Below are records with pictures. Transcribe exactly, and only, the lines from the line with "Dames ring Swarovski 5692119 (15)" to the line with "Festumzug_Benshausen_2023-0119 | Entdecken", both ends included, but not the pictures.

**Material provided:**
#####

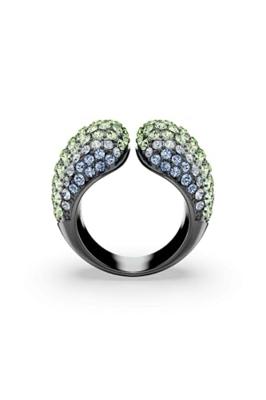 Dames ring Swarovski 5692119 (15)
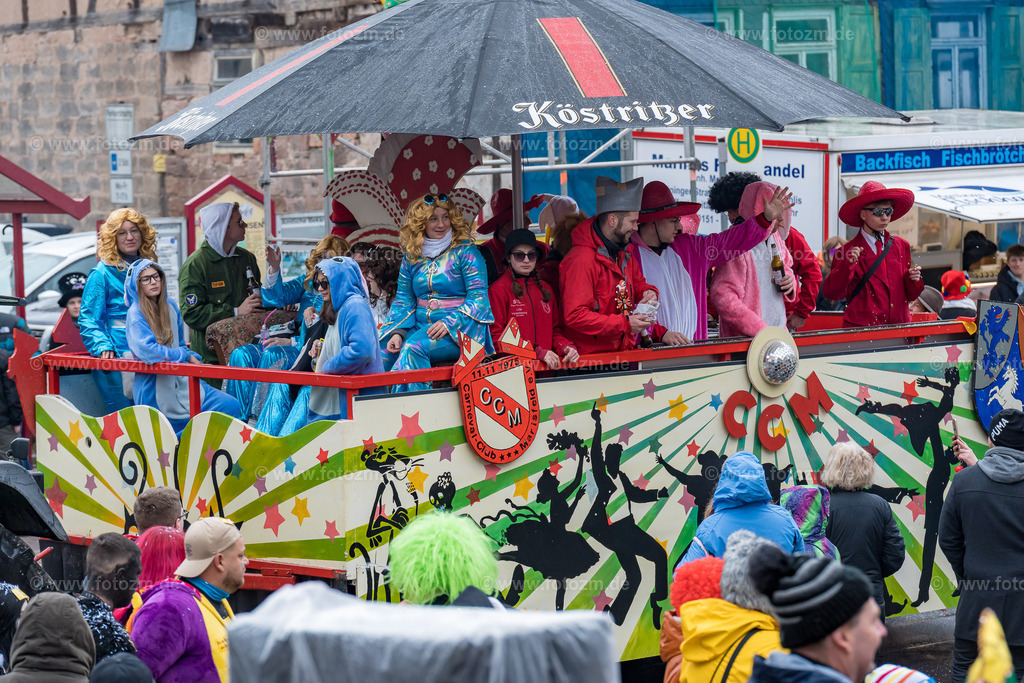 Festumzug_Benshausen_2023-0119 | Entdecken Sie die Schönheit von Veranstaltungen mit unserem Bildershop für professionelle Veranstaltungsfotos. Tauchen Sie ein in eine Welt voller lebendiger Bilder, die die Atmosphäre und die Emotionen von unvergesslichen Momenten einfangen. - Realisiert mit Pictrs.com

#####

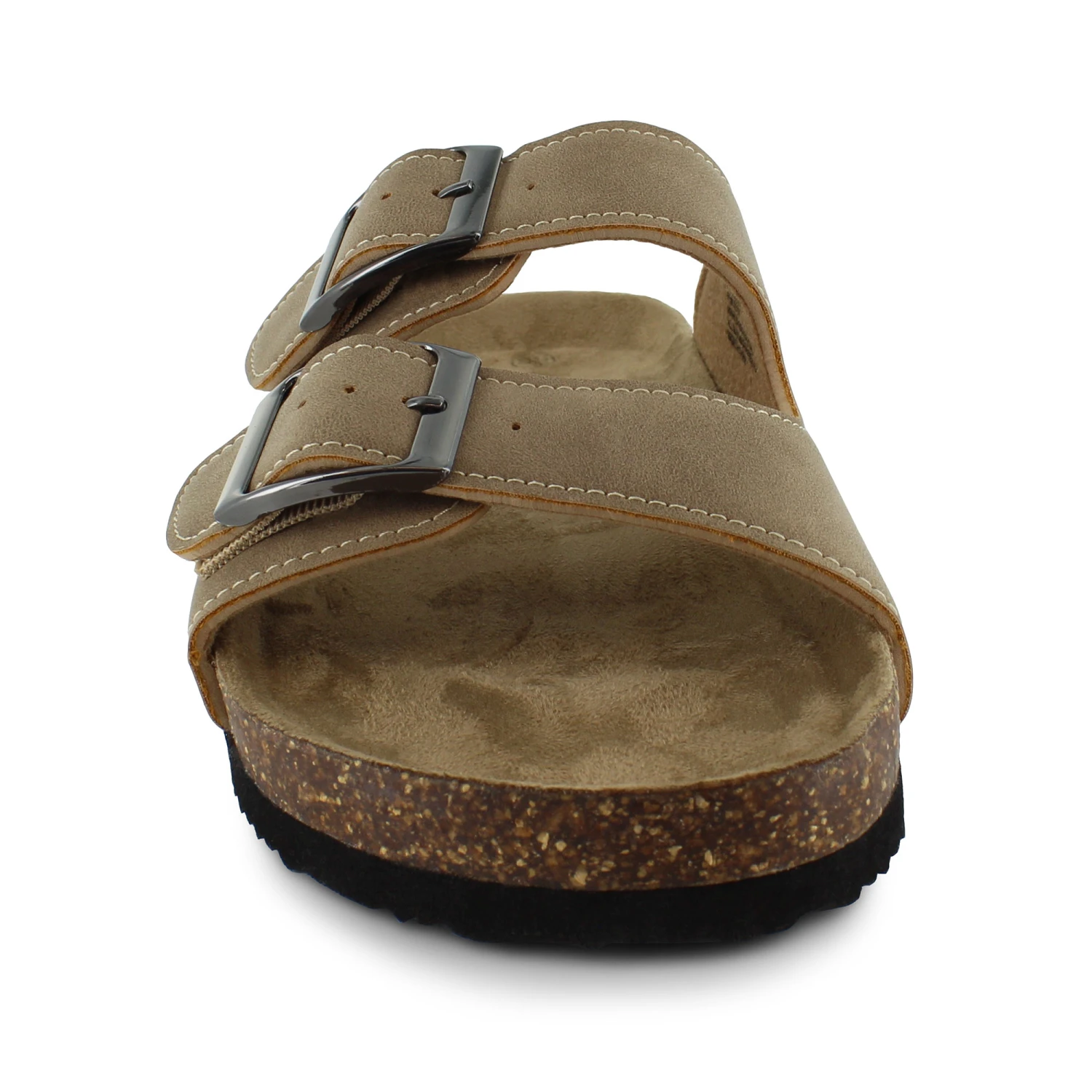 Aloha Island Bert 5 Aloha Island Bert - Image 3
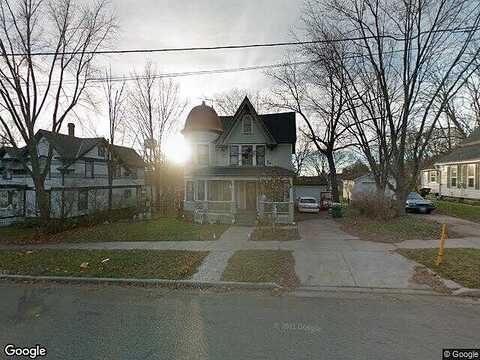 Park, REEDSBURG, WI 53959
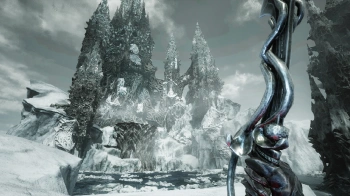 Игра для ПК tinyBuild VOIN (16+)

#####

**Task answer:**
 Dames ring Swarovski 5692119 (15)
 Festumzug_Benshausen_2023-0119 | Entdecken Sie die Schönheit von Veranstaltungen mit unserem Bildershop für professionelle Veranstaltungsfotos. Tauchen Sie ein in eine Welt voller lebendiger Bilder, die die Atmosphäre und die Emotionen von unvergesslichen Momenten einfangen. - Realisiert mit Pictrs.com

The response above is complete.